In 1896, Noble was the oldest living (retired) jockey in the country. By this time, he was in poor health and had financial difficulties due to the failure of the bank in which he had invested his savings – an article published in the Morning Post on 2 March 1896 encouraged readers to contribute additional relief for Noble and his wife, in addition to the £15 he received annually from the Bentinck Benevolent Fund.

Noble suffered from asthma and epilepsy at the time of his death in Gullane, East Lothian on 19 September 1897, aged 83.

==Career==
Noble won the inaugural running of the Cambridgeshire Handicap on Lanercost, who was carrying 8st 9 lb and giving 23 lbs to runner-up Hetman Platoff. The race was run over 9 furlongs on the Rowley Mile at Newmarket in October 1839. The race is still run to this day, forming part of the annual Betfred Cambridgeshire Meeting and being the first leg of the historic Autumn Double (the second being The Betfred Cesarewitch at Future Champions Festival).

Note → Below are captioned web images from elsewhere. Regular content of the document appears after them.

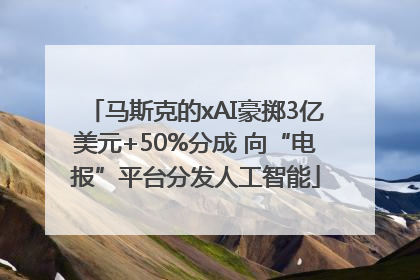 马斯克的xAI豪掷3亿美元+50%分成 向“电报”平台分发人工智能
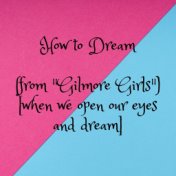How to Dream (from "Gilmore Girls") [when we open our eyes and dream]
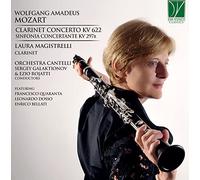 Magistrelli Laura - Clarinet Concerto 622, Sinfonia Concertante KV 297b [Import]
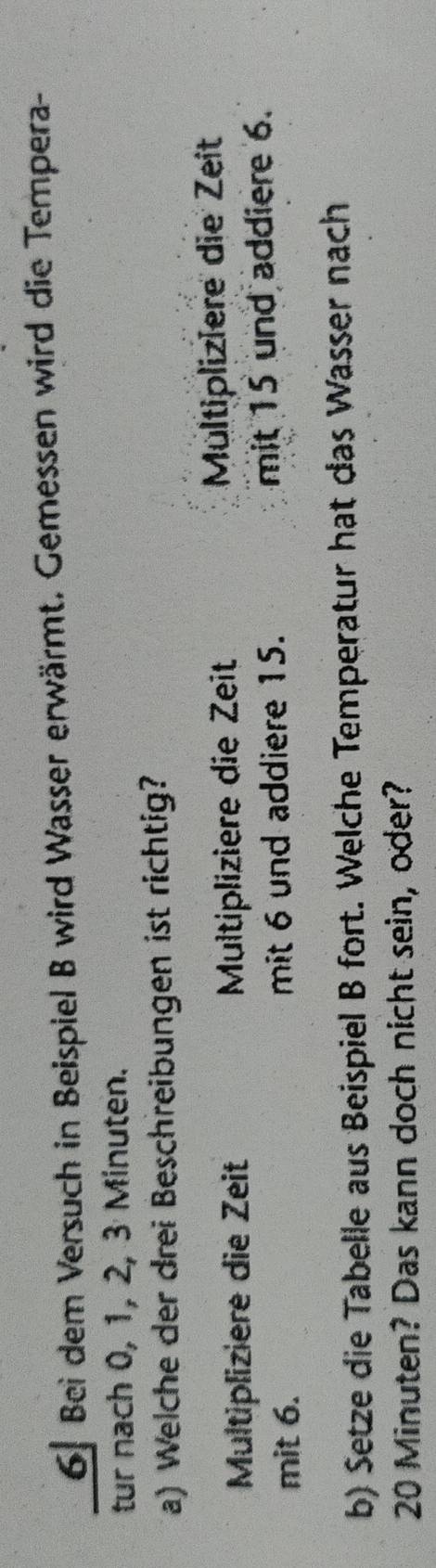 Bei dem Versuch in Beispiel B wird Wasser erwärmt. Gemessen wird die Tempera-
tur nach 0, 1, 2, 3 Minuten.
a) Welche der drei Beschreibungen ist richtig?
Multipliziere die Zeit Multipliziere die Zeit Multipliziere die Zeit
mit 6. mit 6 und addiere 15. mit 15 und addiere 6.
b) Setze die Tabelle aus Beispiel B fort. Welche Temperatur hat das Wasser nach
20 Minuten? Das kann doch nicht sein, oder?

Two years later, in 1841, he rode Lanercost to victory in the Ascot Cup, beating rival Beeswing. William also won the Ayr Gold Cup on four occasions – in 1836 (Despot), 1840 (The Doctor), 1842 (The Recorder), and 1843 (The Shadow). Noble rode Brilliant in the 1845 Grand National but was recorded as a non-finisher. In the 1850 edition of Ruff's 'Guide to the turf', Noble is recorded as a jockey working in Richmond for Mr Stirling Davidson and Mr R. Stephenson, and operating as a Trainer in his own right.

In his later years, Noble was a horse trainer in Gullane, which in the middle part of the 19th century was referred to as the ‘Newmarket of the North’. In his book, ‘Turf Memories of Sixty Years’, Alexander Scott describes how “long streams of thoroughbreds would be seen galloping over the beautiful old turf on the hilltop.” According to Scott, in the early 1860s William would sit at night with other trainers including James Binnie and Jos Arnold, making matches between horses they trained for various owners, to be decided early the following morning on the Downs for a side stake of £1.